The general syntax of kbiw is:
kbiw [-h] [--version] dirIn dirOut workflow
The command-line arguments are:
| Argument | Description |
|---|---|
| dirIn | input batch directory |
| dirOut | output batch directory |
| workflow | workflow (tifftojp2-generic, tifftojp2-mh, tifftojp2-ie) |
As an example, the following command converts input batch "batch-tiff" to "output batch "batch-jp2", using the "tifftojp2-generic" workflow:
kbiw ./batch-tiff ./batch-jp2 tifftojp2-generic
This converts all TIFF images (identified by a ".tif" or ".tiff" file extension) in the input batch directory to corresponding JP2 images in the output batch directory. The directory structure of the input batch is replicated in the output batch. Any files in the input batch that are not TIFF images are ignored. The same is true for directories that do not contain any TIFF images. As a result, these files and directories are not included in the output batch. For each input TIFF, the workflow involves the following steps:
- Convert the TIFF to JP2 with the Grok JPEG 2000 encoder, using the compression profile "KB_MASTER_LOSSLESS_10/06/2026".
- Read the metadata from the input TIFF, and write these as an XMP block to the JP2 with ExifTool.
- Analyze the JP2 with Jpylyzer, and evaluate its output against the Schematron schema that defines the required technical properties and metadata.
- Check if the pixel values of the JP2 are identical to those of the input TIFF, using the libvips image processing library.
- Calculate the JP2's SHA-512 checksum, and add this value to the checksum file of the batch.

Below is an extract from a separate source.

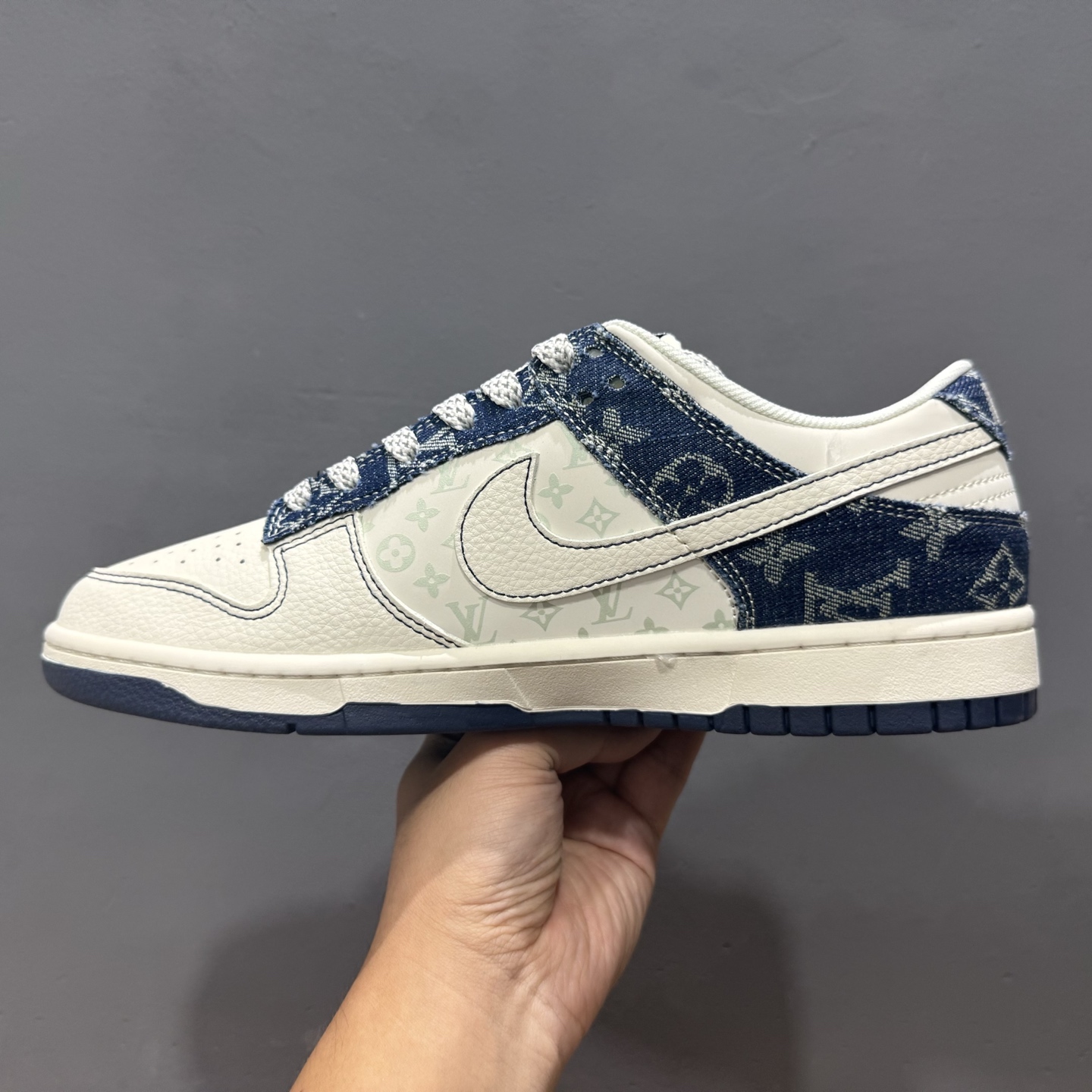 280 Louis Vuitton x Nike Dunk Low 蓝白勾 YX5066-375-Chinese UA Cheap High Quatity Brand Clothes Bags handbags Sneakers wholesale wholesaler seller from China Factory suppliers Fashion Clothing Shoes best Quality Beautiful Price 280 Louis Vuitton x Nike Dunk Low 蓝白勾 YX5066-375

In addition to this, it writes the following files to the root of the output batch:
This is a text file with a (very) brief summary of the resuls of the workflow. Here's an example:
Grok version: 20.3.3
Errors: 0
Warnings: 0
See batch manifest and log file for details on errors and warnings
This is a semicolon-delimited file with information about each converted image. It has the following columns:
| Column | Meaning |
|---|---|
| image | relative path + name of the image |
| successGrok | True/False flag that indicates if Grok's TIFF to JP2 conversion was successful |
| successExifTool | True/False flag that indicates if ExifTool's metadata copying was successful |
| palettedImage | True/False flag that is True if the output JP2 has a color palette, and False otherwise (some JP2 decoders cannot decode paletted images, so in general you may want to avoid them) |
| successPixelCheck | True/False flag that indicates if the check on the pixel values was successful |
| successJpylyzerCheck | True/False flag that indicates if the check on the image properties (Jpylyzer + Schematron) was successful |
| failedJpylyzerChecks | List of failed Jpylyzer + Schematron checks (separated by "|" characters) |
Log file. If the summary file indicates any errors or warnings, the log file provides detailed information on them (look for the ERROR and WARNING messages).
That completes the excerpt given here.